Итак, если другие устанавливали моральные принципы, выдавая их за предписания добродетели и обязательные законы, а я, как уже сказано, не могу этого делать, ибо не в состоянии предписывать вечно-свободной воле какой бы то ни было обязанности или закона, — то, с другой стороны, в общем строе моего рассуждения, некоторым соответствием и аналогией такому замыслу является та чисто-теоретическая истина, простым развитием которой можно считать [389] все мое сочинение, — истина, что воля представляет в себе каждого явления, но сама, как такое, свободна от форм явления, а потому и от множественности; эту истину, по отношению к человеческой деятельности, я не умею выразить более достойным образом, чем уже упомянутой формулой Веды: «Tat twam asi»! (это — ты!) Кто может в ясном сознании и с твердым и глубоким убеждением сказать ее самому себе по поводу каждого существа, с которым он приходит в соприкосновение, тот этим самым приобщается всякой добродетели и праведности и находится на верном пути к искуплению.

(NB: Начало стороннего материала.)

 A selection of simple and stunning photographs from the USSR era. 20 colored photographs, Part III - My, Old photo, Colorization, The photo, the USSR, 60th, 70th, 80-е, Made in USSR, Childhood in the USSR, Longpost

Но прежде чем пойти дальше и показать в заключение, как любовь, источником и сущностью которой мы считаем прозрение в principium individuationis, ведет к освобождению, т. е. к полному отречению от воли к жизни, от всякого хотения, и как другой путь, не так легко, но зато чаще приводит человека к тому же самому, — я должен сначала высказать и объяснить одно парадоксальное положение, не потому, что оно — парадокс, а потому, что оно верно и необходимо для полноты всей моей мысли. Вот оно: «всякая любовь (αγαπη, caritas), это — сострадание».

Примечания[править]

  1. Это, сказала бы церковь, только opera operata, которые нисколько не помогают, если благодатью не будет дарована вера, ведущая к возрождению. Об этом дальше.
  2. Право человека на жизнь и силы животных основывается на следующем: так как вместе с ясностью сознания равномерно усиливается и страдание, то боль, которую причиняет животному смерть или работа, еще не равна той боли, которую испытывал бы человек от одного только лишения мяса или сил животного; поэтому человек в утверждении своего существования может доходить до отрицания существования животного, и воля к жизни, взятая в целом, терпит от этого меньший урон, чем если бы происходило обратное. Это определяет в то же время и границу, до которой человек имеет право доходить в своем пользовании силами животных, но которая часто нарушается, особенно по отношению к рабочему скоту и гончим собакам, — против чего главным образом и направлена деятельность обществ покровительства животным. Это право, по моему мнению, не распространяется и на вивисекцию — в особенности высших животных. Напротив, для насекомого смерть еще не так мучительна, как для человека его укушение. Индусы этого не понимают.